Comment Pépito m'a réconcilié avec la vie

Publié le 06 juillet 2011 par Francisbf

Longtemps, j'en ai voulu à mes parents de m'avoir affublé de l'hideux prénom qu'est Francis (1)(2). Quand de base, vous êtes un blondinet à lunettes avec un an de moins que tout le monde, une coupe au bol et plein de bons points, c'est normalement amplement suffisant pour vous faire frapper dans la cour de récréation. Si vous y ajoutez un prénom qui ne ressemble pas à Laurent, Florent, Sébastien ou Alexandre (3), ça peut être considéré comme de la provocation au troisième degré (ça ne l'était pas ! Je vous jure !) et ce, jusqu'à la fin du lycée, au moins.

Comme j'ai haï mon prénom. Je n'en ai jamais rien dit à mes parents, qui ne pensaient certainement pas à mal. Quoique. On m'a appris par la suite que quand ils avaient annoncé vouloir appeler leur enfant Francis, leurs amis avaient signé une pétition contre. Et ma soeur était née, heureusement pour elle, mais moi, j'y ai eu droit. Comme quoi, ils n'ont pas retenu la leçon (5).

Cependant, à l'orée de la pré-puberté, un événement survint dans ma vie, qui me fit accepter ce que je n'aurais de toute façon jamais pu changer. Un événement qui a, quelque part, changé ma vie, et m'a aidé à accepter ce que je suis, et même à le revendiquer. Un Francis.

A l'époque, les vacances étaient synonymes de longs trajets en voiture, qui étaient synonymes de baffrage de sandwichs à midi, et de petits gâteaux plus tard, parce que c'était une époque où on se foutait d'avoir des miettes dans les sièges.

Il faut que vous sachiez, nous étions plutôt une famille BN, par tradition ancestrale. Mais ce jour-là, miraculeusement, nous avions acheté une boite de Pépitos à la station service, que j'entamai sans ménagement. Puis, en mastiquant, j'étudiai la boîte (j'avais dû finir mes deux club des 5 et il ne me restait rien à lire). Et là, sur la boite, dans un encart rouge, était annoncé le GRAND JEU DES PRÉNOMS Pépito !!! (avec les points d'exclamation). Sans me faire d'illusion, je sortis le carton ondulé de la boîte, et là, le choc.

Sur le carton blanc étaient imprimés les mots qui jamais ne me quitteront : « Bravo FRANCIS, tu as gagné un porte-clé ! »

Quelles étaient les chances ? Je n'en sais rien. Mon coeur se mit à battre la chamade, je tendis la carton à ma maman sans un mot, elle fit « ho, bravo » ou quelque chose du genre, pendant que j'étais encore sous le coup de l'émotion. Mon prénom n'était pas qu'une tare ! Mon prénom pouvait me faire gagner des trucs ! Un porte-clés Pépito, dont j'étais sûr que personne à l'école n'avait d'autre exemplaire !

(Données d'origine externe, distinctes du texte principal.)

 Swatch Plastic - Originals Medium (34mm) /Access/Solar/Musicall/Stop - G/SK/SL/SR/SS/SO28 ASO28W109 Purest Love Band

Ce fut à partir de ce jour que je me réconciliai avec la vie, et avec mon prénom. Aujourd'hui, pour célébrer ce moment, je voudrais rendre un dernier hommage à Pépito, qui a permis ce tournant dans ma vie (6).


  1. (1) prénom non contractuel

  2. (2) Et encore, si vous connaissiez mon troisième prénom.

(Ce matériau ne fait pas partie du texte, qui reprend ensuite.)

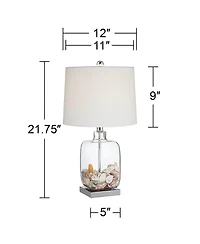 360 Lighting Coastal Country Style Accent Table Lamp with Table Top Dimmer 21.75" High Clear Glass Fabric Drum Living Room Bedroom House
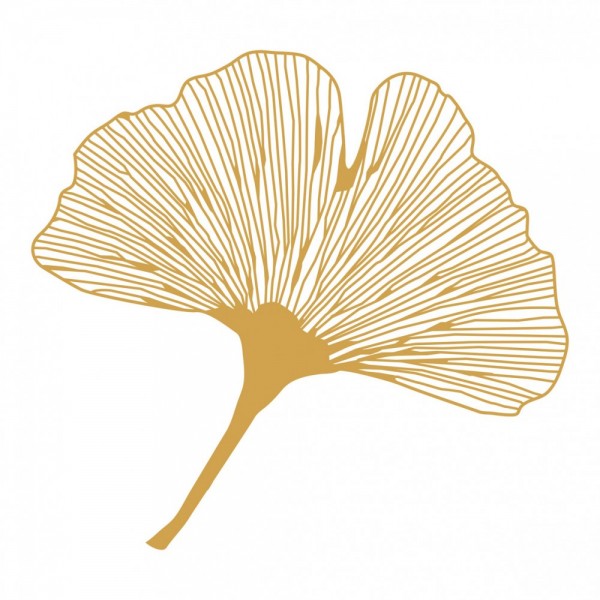 Aufkleber Set 4x3cm/1x7,5cm gold-transparent Ginkgo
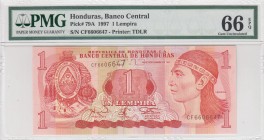 Honduras, 1 Lempira, 1997, UNC, p79A 
PMG 66 EPQ
Serial Number: CF6606647
Estimate: 15-30 USD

  3. (3) En fait, vu qu'en primaire j'habitais au Maroc, ce serait plutôt Youssef, Karim, Taoufik ou Nabil (4), mais je ne voudrais pas avoir l'air raciste sur internet, et les petits français sont tout aussi salauds que les petits arabes.

  4. (4) Quoique, Taoufik était un de mes meilleurs copains, il ne s'est jamais moqué de moi. Karim, il me battait en maths, le salaud, mais sinon il était sympa. Et Nabil, on l'appelait Nabil le débile, ça devait pas être plus facile à porter que mon prénom. Pauvre Nabil le débile.

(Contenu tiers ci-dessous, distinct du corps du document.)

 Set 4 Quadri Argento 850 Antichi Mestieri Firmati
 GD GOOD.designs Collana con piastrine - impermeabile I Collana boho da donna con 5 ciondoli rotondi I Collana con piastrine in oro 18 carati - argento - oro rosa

  5. (5) Ce doit être un truc de parents. Quand mon cousin (qui s'appelle Thomas, il ne peut pas savoir) et son épouse ont eu leur dernier enfant, ils ont pensé l'appeler également Francis. Nous avons su les en dissuader, mais ils lui ont collé le prénom Ambroise. Je compatis d'avance avec ce pauvre bambin.

  6. (6) Pour l'anecdote, au bout de trois semaines, mon porte-clés Pépito était pété, mais ce n'est pas ça l'important.